→ Records shown
________________________________________
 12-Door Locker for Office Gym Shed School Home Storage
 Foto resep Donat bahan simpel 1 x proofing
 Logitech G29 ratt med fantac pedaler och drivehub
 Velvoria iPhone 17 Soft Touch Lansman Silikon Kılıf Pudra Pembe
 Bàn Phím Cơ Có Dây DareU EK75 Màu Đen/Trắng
________________________________________
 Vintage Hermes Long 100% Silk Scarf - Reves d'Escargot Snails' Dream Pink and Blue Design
________________________________________
→ Task to complete
Write out, from the lines above, only those from the line with "12-Door Locker for" to the line with "Bàn Phím Cơ Có Dây DareU EK75 Màu Đen/Trắng", exactly as given, including the first and the last.

→ Expected output
 12-Door Locker for Office Gym Shed School Home Storage
 Foto resep Donat bahan simpel 1 x proofing
 Logitech G29 ratt med fantac pedaler och drivehub
 Velvoria iPhone 17 Soft Touch Lansman Silikon Kılıf Pudra Pembe
 Bàn Phím Cơ Có Dây DareU EK75 Màu Đen/Trắng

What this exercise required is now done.